Enterprise Products Partners L.P.

SEC Filings

8-K
ENTERPRISE PRODUCTS PARTNERS L P filed this Form 8-K on 02/07/2018
Entire Document
 
EX-1.1

Exhibit 1.1

Execution Version

ENTERPRISE PRODUCTS OPERATING LLC

$700,000,000 5.375% Junior Subordinated Notes F due 2078

UNDERWRITING AGREEMENT

February 1, 2018

J.P. Morgan Securities LLC

Deutsche Bank Securities Inc.

Merrill Lynch, Pierce, Fenner & Smith

  Incorporated

Scotia Capital (USA) Inc.

As Representatives of the several

    Underwriters named in Schedule I to the Underwriting Agreement,

c/o J.P. Morgan Securities LLC

383 Madison Avenue

New York, New York 10179

Ladies and Gentlemen:

Enterprise Products Operating LLC, a Texas limited liability company (“EPO”), proposes to issue and sell to the underwriters listed on Schedule I hereto (the “Underwriters”) $700,000,000 aggregate principal amount of EPO’s 5.375% Junior Subordinated Notes F due 2078 (the “Notes”), as set forth on Schedule I hereto, to be fully and unconditionally guaranteed on a junior subordinated basis by Enterprise Products Partners L.P., a Delaware limited partnership (the “Partnership”) (the “Guarantees,” together with the Notes, the “Securities”).

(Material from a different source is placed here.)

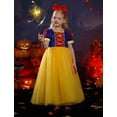 thumbnail image 5 of IBTOM CASTLE Princess Costume for Girls Kids Halloween Cosplay Birthday Party Dress up with Accessories, 9 Pieces 5-6 Years Yellow Sequin, 5 of 8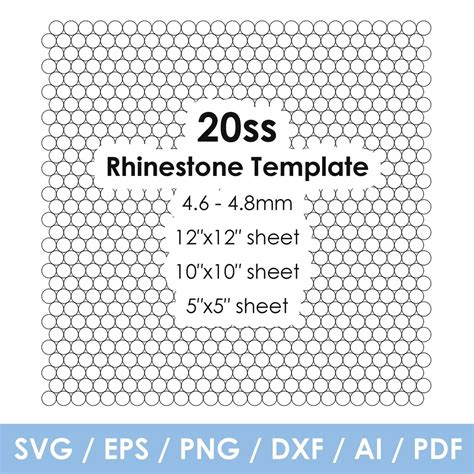 Ss20 Rhinestone Sheet Template 20ss 46 48 Mm 12x12 Etsy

The Securities are to be issued under the Indenture dated as of October 4, 2004 (the “Original Indenture”) among EPO (as successor to Enterprise Products Operating L.P.), as issuer, the Partnership, as parent guarantor, and Wells Fargo Bank, N.A., as trustee (the “Trustee”), as amended and supplemented by (i) the Tenth Supplemental Indenture, dated as of June 30, 2007 (the “Tenth Supplemental Indenture”), providing for EPO as the successor issuer to Enterprise Products Operating L.P., and (ii) the Thirty-First Supplemental Indenture, to be dated as of the Delivery Date (as defined in Section 4 below) (the “Thirty-First Supplemental Indenture”). The Original Indenture, as amended and supplemented by the Tenth Supplemental Indenture and the Thirty-First Supplemental Indenture, is referred to herein as the “Indenture.”

This is to confirm the agreement among the Partnership, Enterprise Products OLPGP, Inc., a Delaware corporation and managing member of EPO (“EPOGP”), and EPO (collectively with the Partnership and EPOGP, the “Enterprise Parties”), and the Underwriters concerning the purchase of the Securities from the Partnership and EPO by the Underwriters.